Cependant, d'une manière générale, non seulement la souveraineté ne se partage pas, mais, dans de nombreux pays, nos partenaires européens peuvent aussi être nos concurrents. Cela est particulièrement vrai sur les sujets économiques et culturels. C'est ce qui explique que les implantations communes existantes se situent souvent dans des pays à « faible enjeu ». Il sera intéressant d'analyser, le moment venu, le succès ou l'échec du projet de centre culturel commun avec l'Allemagne à Moscou, dont l'ouverture était prévue en 2011, mais semble prendre du retard.

Pour l'heure, le seul exemple de centre culturel véritablement commun, allant au-delà d'un simple partage de locaux, est assez éclairant. Il s'agit de l'Institut culturel franco-germano-luxembourgeois Pierre Werner (IPW), situé dans les locaux de l'ancienne abbaye de Neumünster, à Luxembourg.

L'institut a été inauguré en 2003 par Dominique de Villepin, alors au Quai d'Orsay, Joschka Fischer, son homologue allemand, et par Mme Erna Hennicot-Schoepges, ministre luxembourgeoise de la culture. Il devait alors promouvoir simultanément l'intégration européenne, la diversité culturelle et la culture des trois pays, ce qui constituait un noble et ambitieux objectif.

Mais, deux ans plus tard, devant un relatif échec, les trois parties ont revu l'organisation de l'institut doté d'un directeur unique et les statuts du centre. L'institut Pierre Werner doit désormais promouvoir la réflexion et la coopération culturelle européenne ; il peut d'ailleurs s'ouvrir à d'autres partenaires. A titre d'exemple, l'IPW a accueilli, en mars 2009, une exposition sur « l'évolution du paysage urbain et de l'espace public en Europe centrale et orientale » qui n'est directement relié à aucun des trois partenaires, ce qui montre bien que son objet dépasse la promotion culturelle des Etats fondateurs.

Cela explique d'ailleurs qu'à côté de sa participation à l'IPW, la France a conservé son centre culturel à Luxembourg, qui poursuit ses propres missions. S'il ne s'agit donc pas de remettre en cause l'intérêt d'un tel centre, il ne faut pas l'aborder sous l'angle des économies qui pourraient être envisagées.

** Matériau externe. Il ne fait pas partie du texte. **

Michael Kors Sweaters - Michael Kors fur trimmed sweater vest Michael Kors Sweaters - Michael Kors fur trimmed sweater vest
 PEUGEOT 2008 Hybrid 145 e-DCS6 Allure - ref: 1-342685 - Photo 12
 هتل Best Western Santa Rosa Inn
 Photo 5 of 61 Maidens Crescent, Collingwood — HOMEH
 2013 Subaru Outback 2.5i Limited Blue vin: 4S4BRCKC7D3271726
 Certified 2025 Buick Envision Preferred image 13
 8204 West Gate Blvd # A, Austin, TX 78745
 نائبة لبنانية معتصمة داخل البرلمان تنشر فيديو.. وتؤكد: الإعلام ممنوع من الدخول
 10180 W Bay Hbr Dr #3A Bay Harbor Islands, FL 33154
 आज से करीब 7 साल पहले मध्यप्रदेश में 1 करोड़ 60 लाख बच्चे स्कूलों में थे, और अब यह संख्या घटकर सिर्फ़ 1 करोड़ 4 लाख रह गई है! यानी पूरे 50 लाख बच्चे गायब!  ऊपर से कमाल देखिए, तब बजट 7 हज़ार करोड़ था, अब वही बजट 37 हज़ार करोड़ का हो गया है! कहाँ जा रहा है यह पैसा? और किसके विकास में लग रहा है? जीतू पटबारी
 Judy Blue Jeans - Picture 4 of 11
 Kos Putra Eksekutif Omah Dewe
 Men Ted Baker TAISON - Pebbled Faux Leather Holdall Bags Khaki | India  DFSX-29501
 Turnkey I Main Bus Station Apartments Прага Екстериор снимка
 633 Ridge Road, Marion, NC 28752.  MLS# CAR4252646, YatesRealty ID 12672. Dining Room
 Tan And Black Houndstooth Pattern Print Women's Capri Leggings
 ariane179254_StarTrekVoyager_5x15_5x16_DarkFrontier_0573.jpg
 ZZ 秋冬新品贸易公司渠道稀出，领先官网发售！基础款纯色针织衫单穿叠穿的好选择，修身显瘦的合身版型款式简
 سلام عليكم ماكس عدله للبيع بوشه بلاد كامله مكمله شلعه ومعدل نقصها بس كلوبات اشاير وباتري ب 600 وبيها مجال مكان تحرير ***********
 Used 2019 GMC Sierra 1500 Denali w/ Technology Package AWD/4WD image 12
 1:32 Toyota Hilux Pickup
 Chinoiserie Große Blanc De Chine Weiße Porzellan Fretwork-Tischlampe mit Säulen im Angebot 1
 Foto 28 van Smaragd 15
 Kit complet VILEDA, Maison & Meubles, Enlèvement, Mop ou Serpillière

En conclusion, le rapporteur de la commission des finances que je suis a pu conforter le pressentiment qu'il avait exprimé dans son rapport budgétaire relatif au projet de loi de finances pour 2008 : « Il convient de ne pas surestimer l'intérêt, sinon sur le plan politique, du moins sur le plan budgétaire, d'implantations communes, franco-allemandes, ou européennes, qui peuvent conduire à une complexification de la gestion des postes à l'étranger, les différents réseaux européens ayant souvent des cultures de fonctionnement très différentes, y compris dans les consulats. »

Le véritable enjeu se situe sur d'autres plans, intéressant davantage la commission des affaires étrangères : le symbole politique que constitue le rapprochement de deux drapeaux ; le rapprochement des personnels et des « cultures » des réseaux ; et, dans le domaine des visas, la qualité du service rendu aux usagers.

Dans tous les cas, pour que l'initiative soit un succès, elle doit venir du terrain et ne pas être imposée « d'en haut », même si cela limite le nombre de projets. En effet, les affinités entre chefs de missions diplomatiques comptent. De même, la perception de tels projets par les autorités du pays hôte est essentielle. Le regroupement de locaux ne doit pas être perçu comme un abandon larvé.

On espérait plus de ce rapport que ce qu'il nous a donné. La réalité conduit à une approche modeste et progressive. L'impulsion ne peut jamais venir d'en haut pour que de tels projets aboutissent, mais uniquement des partenaires sur le terrain.